[RECORDS TO PROCESS]

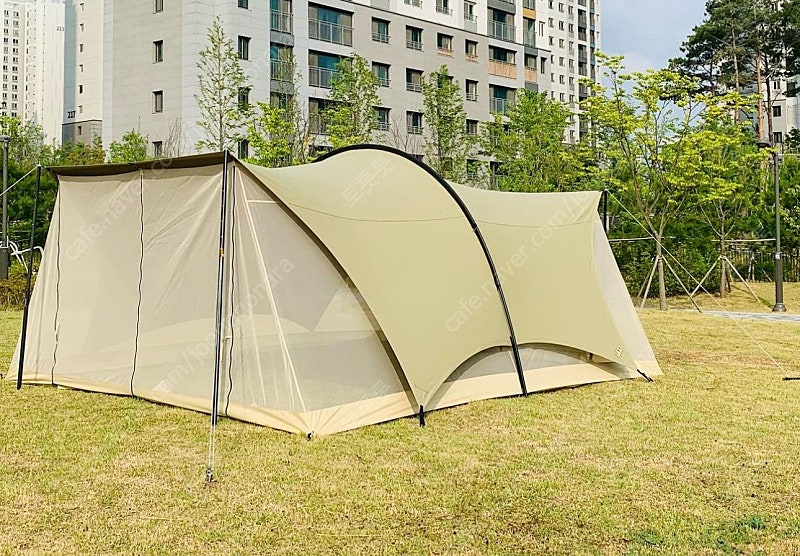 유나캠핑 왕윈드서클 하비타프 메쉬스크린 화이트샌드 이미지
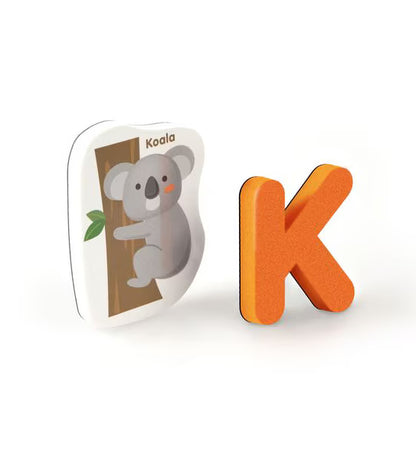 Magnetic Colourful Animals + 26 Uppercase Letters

[/RECORDS TO PROCESS]
[RECORDS TO PROCESS]

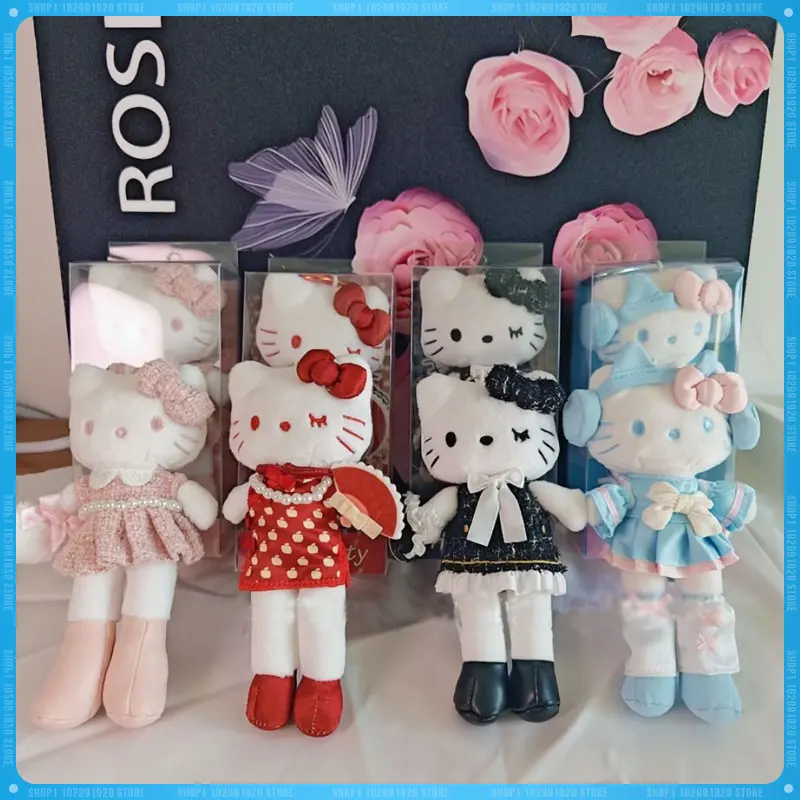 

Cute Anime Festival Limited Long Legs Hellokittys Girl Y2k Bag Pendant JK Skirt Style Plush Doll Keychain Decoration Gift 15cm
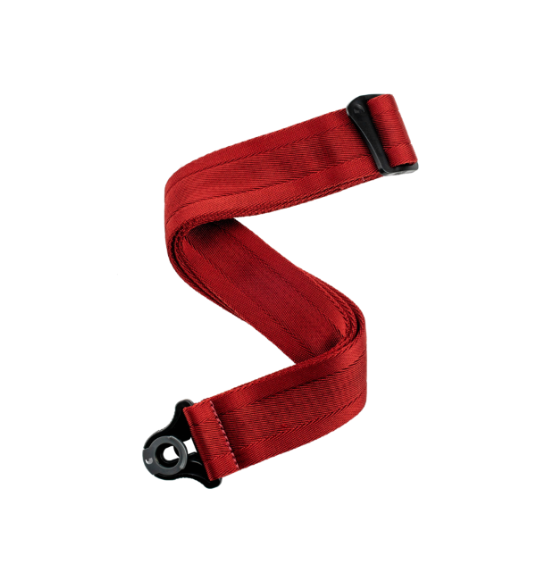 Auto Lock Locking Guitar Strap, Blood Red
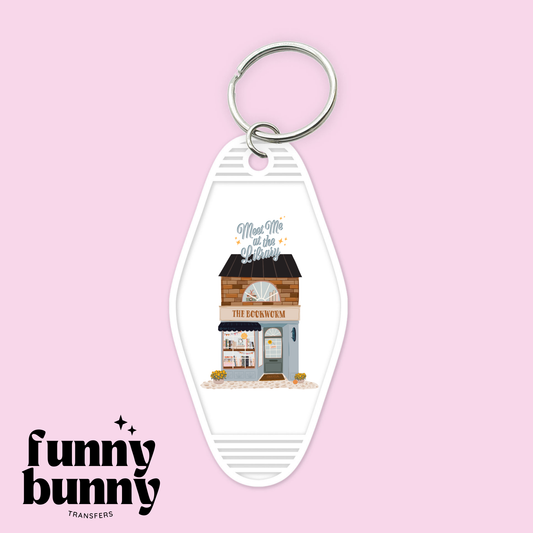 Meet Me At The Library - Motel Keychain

[/RECORDS TO PROCESS]

**WHAT TO WORK ON**
Using the data above, retype exactly the lines from the line with "유나캠핑 왕윈드서클 하비타프 메쉬스크린 화이트샌드 이미지" to the line with "Magnetic Colourful Animals", inclusive. No pictures and nothing else.

**ANSWER FOR THIS EXERCISE**
 유나캠핑 왕윈드서클 하비타프 메쉬스크린 화이트샌드 이미지
 Magnetic Colourful Animals + 26 Uppercase Letters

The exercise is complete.